Best Fruits You Should Be Eating Every Day
Nature’s candy, AKA fruit, should be easy enough to eat. Most fruit is sweet, hydrating, and overall delicious, but only 12% of Americans get the recommended one and a half to two cups of fruit a day.
Eating fruit helps you get essential vitamins and minerals, antioxidants, and fiber. People who eat more fruit have a reduced risk of heart attacks, stroke, and cancer. In a 2021 Australian study, people who ate at least two servings of fruit a day were 36% less likely to develop type 2 diabetes than those who ate less than half a serving daily.
But, with so many different kinds of fruit, which ones should you choose?
First of all, you can’t go wrong adding more fruit to your diet, but some types stand out among the rest as nature’s superstars. Here are seven fruits dietitians say you should be eating, and for more on how to eat healthy, make sure you avoid these 100 Unhealthiest Foods on the Planet.
Strawberries are a versatile and healthy fruit that has a portion size larger than most other fruit. Plus, even though they’re sweet as can be, they’re an excellent choice for people with diabetes or on a low-carb diet.
“A serving of strawberries is one and a quarter cup which is equivalent to 15 grams of carbohydrate and three grams of fiber, making this a good fruit choice for people with diabetes,” says Toby Smithson, RD registered dietitian, certified diabetes care and education specialist, founder of Diabetes EveryDay and author of Diabetes Meal Planning and Nutrition for Dummies.
Ever wonder what gives strawberries their deep red color? “[They’re] a great source of the antioxidant anthocyanin, which has been shown to reduce inflammation, oxidative stress, and insulin resistance which are all risk factors associated with type 2 diabetes,” says Smithson.
“Once you pop, you just can’t stop” should have been written about these blue beauties. It’s easy to eat a handful (or several) in one sitting, but thankfully blueberries are just as healthy as they are delicious.
Blueberries are full of antioxidants, and eating berries at least twice a week is an important part of the MIND Diet, a diet that has neuroprotective effects, explains registered dietitian Christina Iaboni, RD.
Instead of always snacking on regular blueberries, give wild blueberries a try. They’re loaded with anti-inflammatory benefits and have two times more health-helping antioxidants than conventional blueberries, explains Amy Gorin, MS, RDN, an inclusive plant-based registered dietitian nutritionist.
“Regularly eating wild blueberries has been shown to help improve memory and slow brain aging,” says Gorin. One small study found that older adults who ate one cup of fresh blueberries daily for three months had significant improvements on mental cognition tests.
Nothing goes better with a summer picnic than a big juicy slice of watermelon. This summertime staple doesn’t only taste good, it’s also bursting with health benefits.
“Watermelon is high in lycopene, an antioxidant which studies suggest can lower the risk of certain cancers and improve heart health,” says Rachel Rothman, MS, RD, CLEC. Lycopene helps give watermelon its red color and can be found in other foods like tomatoes, grapefruit, and papaya.
If you typically toss the watermelon rind in the trash or compost bin, you’re missing out on a lot of amazing nutrition. The watermelon rind is actually edible! “It’s rich in fiber and contains beneficial amino acids, like citrulline, which some studies have shown to boost heart health,” says Rothman.
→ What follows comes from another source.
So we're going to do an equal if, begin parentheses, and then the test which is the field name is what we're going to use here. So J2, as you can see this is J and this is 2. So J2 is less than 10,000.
If fresh fruit is hard to come by or keep around, give prunes a try. Prunes are dried plums that are perfect to keep in your pantry for a nutrient boost added to salads, smoothies, or just to snack on.
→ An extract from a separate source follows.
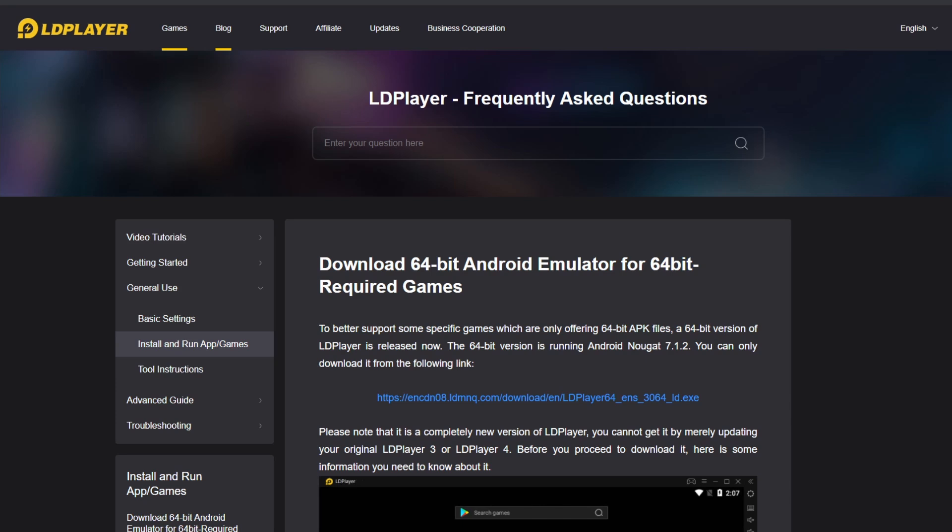First thing you want to do is go and google LD Player 64-bit, or you can go down the link below in the description and use my link down there. That will open up the web page. Now you need to download the 64-bit version, which is the recommended one for Alchemy Stars.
Eating just five to six prunes provides three grams of fiber and a big boost for bone health, explains Gorin. One small study found that just five prunes a day prevented total body bone mineral density in a group of older women with osteoporosis. Researchers give credit to prunes’ ability to reduce the breakdown of bone, although aren’t yet sure about the mechanism behind it.
There’s nothing more convenient than a fruit that comes in its own neat little package. While some naysayers in the past have accused bananas of being too high in sugar, they’re actually the perfect fruit to provide energy on the go. One of my favorite times to eat bananas is pre-workout. They’re easy to digest and one medium banana has 27 grams of carbohydrate to fuel a run or spin class.
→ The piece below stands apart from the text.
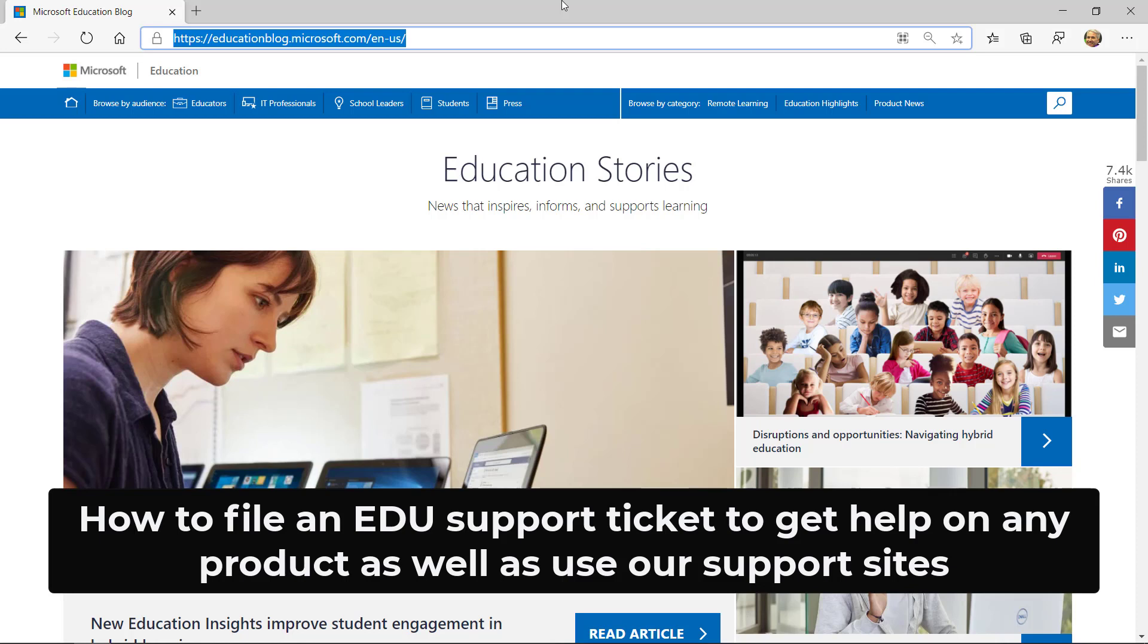I'll be showing how an educator can easily file a support ticket directly with Microsoft support. We have education experts who can help you out.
“All produce is nutritious and has benefits, but the best produce is whatever you can maintain in your diet based on your family and economic constraints, and bananas often fit the bill,” says Sharon Puello, MA, RD, CDN, CDCES.
If your grocery budget is stretched thin, bananas make it easy to eat and serve fruit each day. Buy more than you need when they’re on sale, sometimes as low as $0.20 each, and pop what you can’t eat into the freezer to add a big nutrient burst to breads, muffins, and smoothies.